# WHO DO I SELL HONEY TO?



## Della (Aug 26, 2004)

i

[This message has been edited by Della (edited October 12, 2004).]


----------



## MountainCamp (Apr 12, 2002)

There are numerous was to sell bottled honey: Fairs, Farm Markets, Craft Shops, Local Markets, Camp grounds, etc.

Word of mouth is a great way to sell honey.

I sell 1,500 - 2,000 lbs. every year from the above methods. I sell out of honey every year.

When you say bulk honey do you mean 5# or 60# pails or are you talking 55 gal. drums?

Many beekeepers can sell far more than they produce. Other beekeepers many look to buy bulk honey from you.
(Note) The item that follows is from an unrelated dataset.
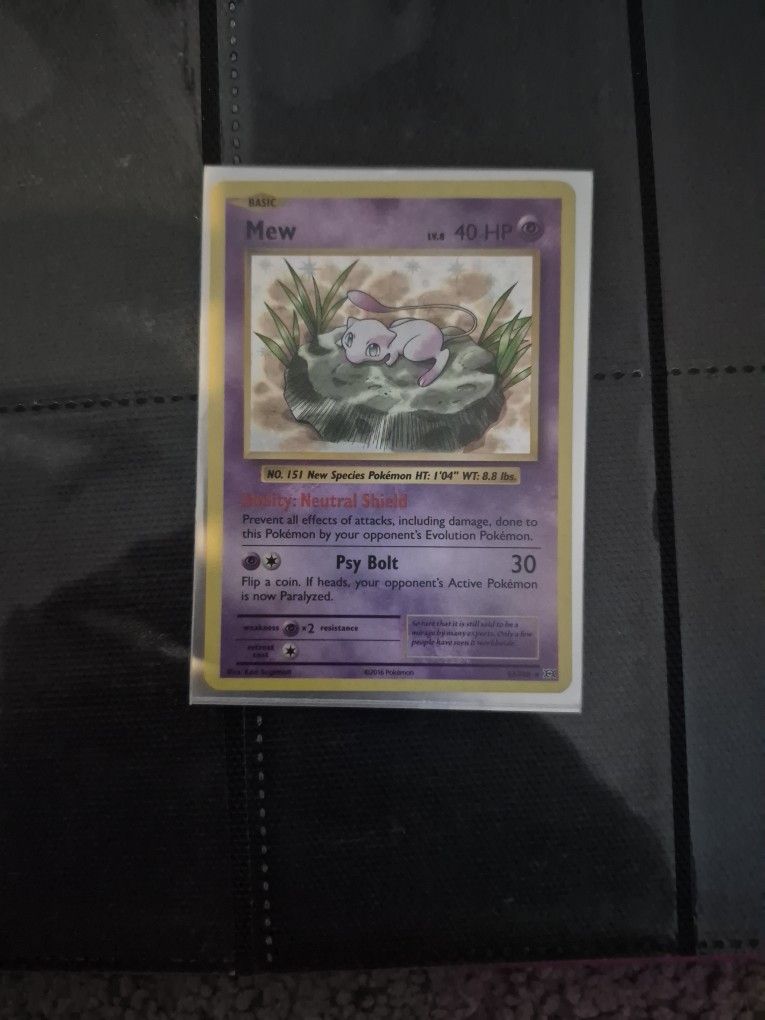 Mew Pokemon Card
Home brewing shops are a good outlet for bulk pails. People looking to make meads or honey ciders can be good re-peat customers.


----------



## BeeMiner (Aug 8, 2003)

MountainCamp,

I hadn't thought of campgrounds. Thanks for the great idea!

Mark J.


----------



## Della (Aug 26, 2004)

THANKS MOUNTAIN CAMP FOR THE IDEAS. 55 GALLON DRUMS IS WHAT WE WERE THINKING OF I GUESS. I DIDN'T KNOW THERE WAS SUCH A DEMAND FOR HONEY OUT THERE.


----------



## Michael Bush (Aug 2, 2002)

You get the most money selling it directly to the consumer, but you have to work more at it. Of course if you can get a loyal clientèle then you can sell it more easily.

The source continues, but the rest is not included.